====== DATA EXCERPT

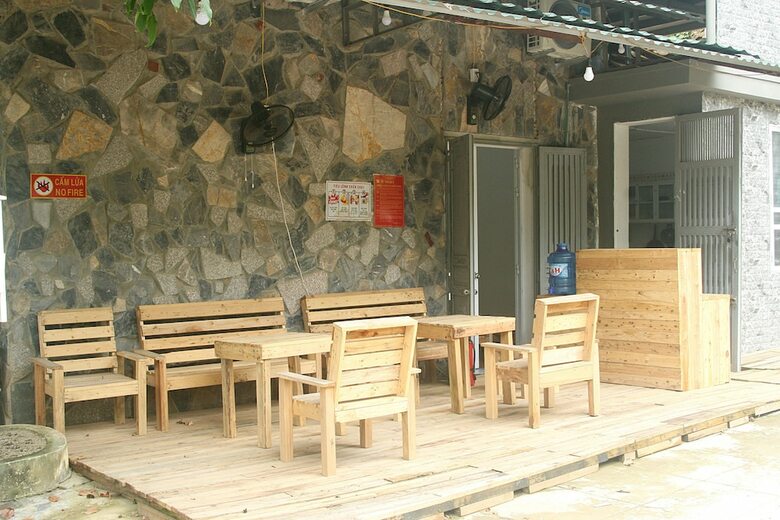 Hotel Ha Giang Creekside Homestay And Hostel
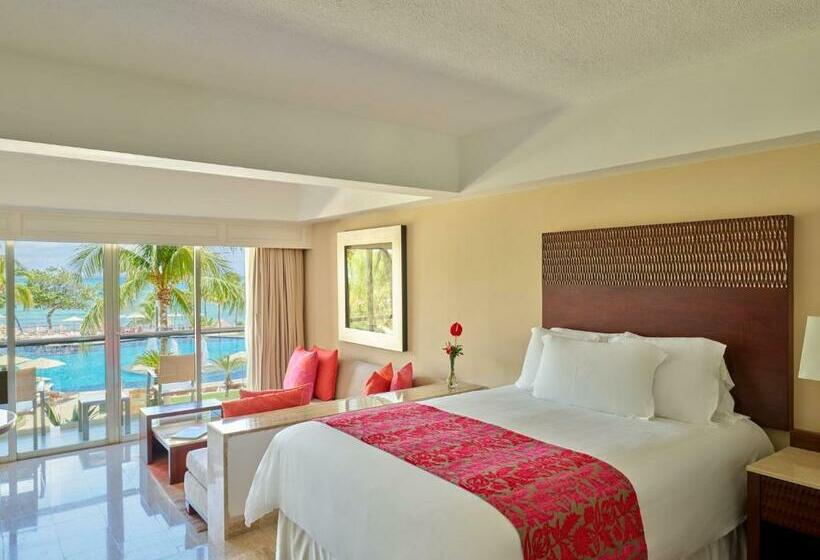 Suíte Vista Mar, Grand Fiesta Americana Coral Beach Cancun - All Inclusive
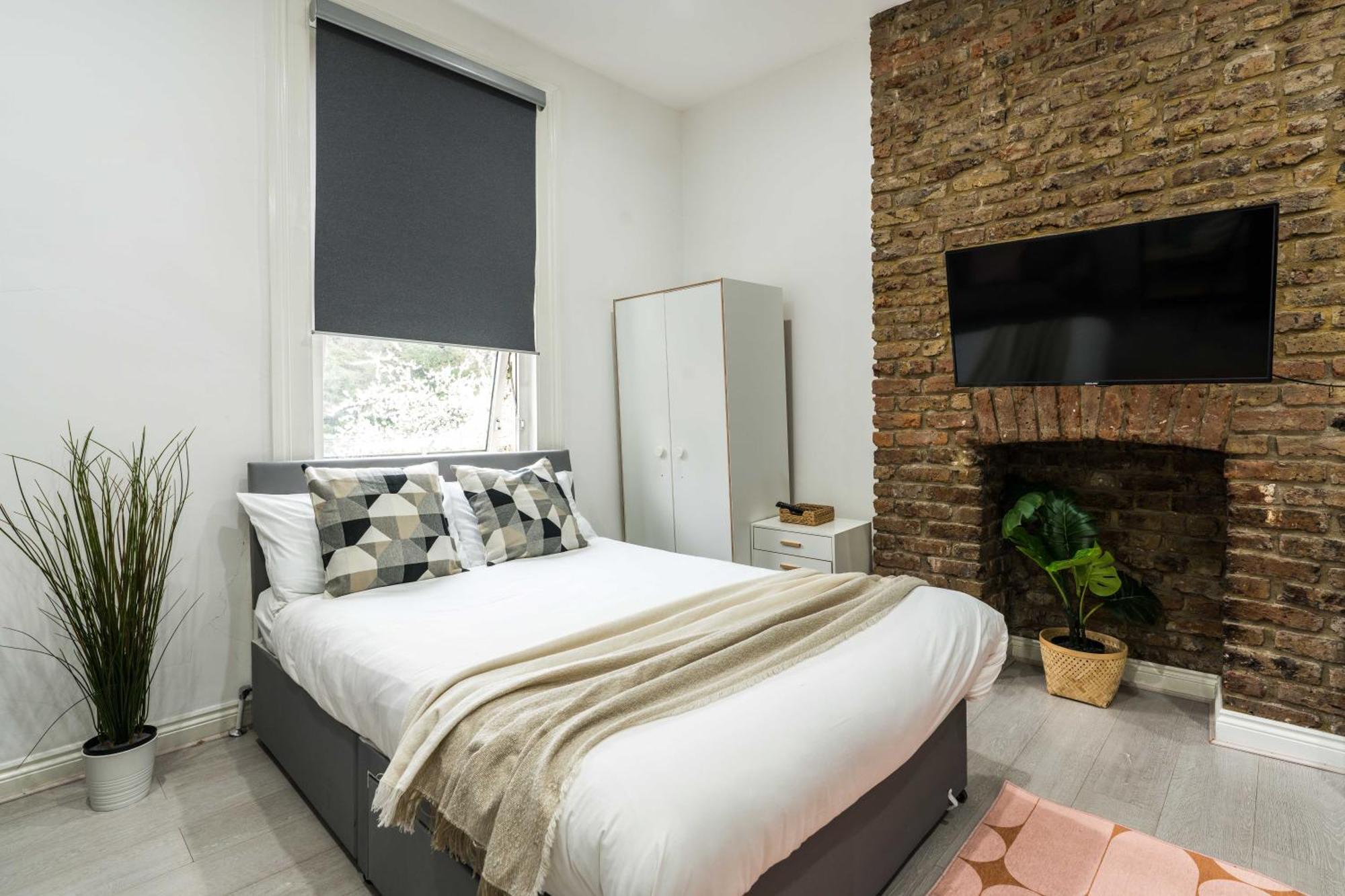 S1-4 Central Studios - Self Equipped- 15 Minutes To Oxford Street & Marble Arch Λονδίνο Εξωτερικό φωτογραφία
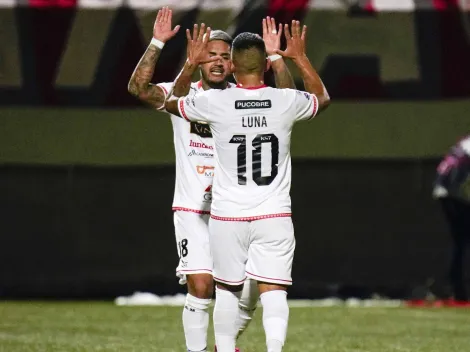 Luna le deja un recado al líder Iquique: "Esperamos una fiesta"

============

• [DIRECTIONS FOR THIS TASK]:
Every line of the material should be repeated precisely; pictures are to be excluded.

• [THE ANSWER]:
 Hotel Ha Giang Creekside Homestay And Hostel
 Suíte Vista Mar, Grand Fiesta Americana Coral Beach Cancun - All Inclusive
 S1-4 Central Studios - Self Equipped- 15 Minutes To Oxford Street & Marble Arch Λονδίνο Εξωτερικό φωτογραφία
 Luna le deja un recado al líder Iquique: "Esperamos una fiesta"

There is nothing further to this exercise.